Starting Tuesday, users in Ireland, South Korea and Spain will be able to access the feature, which Mark Zuckerberg talked about publicly for the first time at the F8 developers conference in May 2018 just a couple of months after the Cambridge Analytics scandal blew up.

Facebook wouldn’t say when exactly the Off-Facebook Activity tool will be available in the United States, other than to note that Facebook will continue rolling it out “everywhere over the coming months.”

But Facebook did reiterate a point it’s made in the past: Giving users the ability to scrub their data will affect Facebook’s business.

“This is something that could possibly impact our bottom line,” a Facebook spokesperson told AdExchanger, “but we’re moving forward and doing this anyway, because we think it’s the right thing to do.”

During Facebook’s second quarter earnings call, CFO Dave Wehner told investors to expect revenue to decelerate in the second half of the year and into 2020 due to “ad targeting-related headwinds” in the form of privacy laws, such as the General Data Protection Regulation in Europe, and thanks to Facebook’s own privacy-related product changes.

Third parties share all sorts of data with Facebook via widgets, the Facebook pixel, the login with Facebook feature and cookies. That user-level data includes search queries, clicks and purchases. Facebook passively collects data from tracking tools embedded across millions of sites and apps.

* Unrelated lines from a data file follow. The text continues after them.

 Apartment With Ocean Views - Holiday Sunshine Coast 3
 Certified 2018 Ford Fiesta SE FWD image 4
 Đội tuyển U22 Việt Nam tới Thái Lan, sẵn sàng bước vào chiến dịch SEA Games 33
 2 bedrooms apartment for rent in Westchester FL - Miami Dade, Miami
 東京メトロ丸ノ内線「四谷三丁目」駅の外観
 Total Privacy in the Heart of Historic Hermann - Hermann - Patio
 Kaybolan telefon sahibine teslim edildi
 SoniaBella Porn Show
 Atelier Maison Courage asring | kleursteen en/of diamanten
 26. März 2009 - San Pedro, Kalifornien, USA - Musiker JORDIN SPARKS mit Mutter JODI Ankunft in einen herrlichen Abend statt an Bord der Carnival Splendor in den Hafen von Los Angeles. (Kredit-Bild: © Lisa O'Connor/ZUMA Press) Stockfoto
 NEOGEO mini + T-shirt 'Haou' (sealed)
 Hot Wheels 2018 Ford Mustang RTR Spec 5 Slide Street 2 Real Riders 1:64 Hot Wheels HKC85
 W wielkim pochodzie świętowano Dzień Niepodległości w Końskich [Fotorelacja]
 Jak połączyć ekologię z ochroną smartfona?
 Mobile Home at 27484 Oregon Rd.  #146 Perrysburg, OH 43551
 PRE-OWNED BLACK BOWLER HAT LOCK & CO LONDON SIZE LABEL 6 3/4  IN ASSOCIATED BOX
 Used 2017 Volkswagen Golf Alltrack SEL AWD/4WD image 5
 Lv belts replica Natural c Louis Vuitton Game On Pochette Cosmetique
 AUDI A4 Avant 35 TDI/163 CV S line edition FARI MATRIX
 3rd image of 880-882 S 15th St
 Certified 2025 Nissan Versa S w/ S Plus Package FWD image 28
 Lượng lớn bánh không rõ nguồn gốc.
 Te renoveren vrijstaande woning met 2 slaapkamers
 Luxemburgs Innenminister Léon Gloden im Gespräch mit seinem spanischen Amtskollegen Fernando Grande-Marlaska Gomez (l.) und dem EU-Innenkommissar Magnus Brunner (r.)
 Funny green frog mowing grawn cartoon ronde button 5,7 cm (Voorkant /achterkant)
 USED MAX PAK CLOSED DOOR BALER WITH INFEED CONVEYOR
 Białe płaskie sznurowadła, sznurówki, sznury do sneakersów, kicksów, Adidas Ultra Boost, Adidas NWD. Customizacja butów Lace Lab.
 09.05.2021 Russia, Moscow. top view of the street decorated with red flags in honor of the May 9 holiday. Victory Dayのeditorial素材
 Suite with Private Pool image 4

Facebook uses this information to help advertisers target their campaigns or track the off-platform performance of Facebook ads. A third party might know that someone using a particular device looked at a product, for example. If that device info can be matched to a Facebook account, Facebook can retarget ads about the product or related products either on its own properties or on Facebook Audience Network.

It’s a bit early to say how many people will actually use the feature to manage their data-sharing preferences, and Facebook declined to say the percentage of users it’s anticipating will opt out.

But the current fraught climate and nonstop negative headlines could encourage people who are normally laissez faire about online privacy to take action. To spread the word, Facebook is planning to run two mass market ad campaigns to promote the feature and educate people on how to use it.

Once Off-Facebook Activity is available in a certain country, users will be able to access it under their settings tab.

In addition to seeing a summary of the info that other apps and sites have sent Facebook through its developer and business tools, users can disassociate the information from their Facebook account either wholesale or app by app and site by site. Users can also opt to go nuclear and disconnect all future off-Facebook activity as a guarantee against any data sharing with Facebook down the line.

But why did it take so long to start shipping this tool? Perhaps it wasn’t a priority.

Facebook, however, asserts that its product team worked slowly on purpose in order to give privacy researchers, businesses and users time to share feedback. Facebook also claims that the process of disconnecting info about off-site activity from user accounts required a nontrivial redesign of the way its system stores and processes data.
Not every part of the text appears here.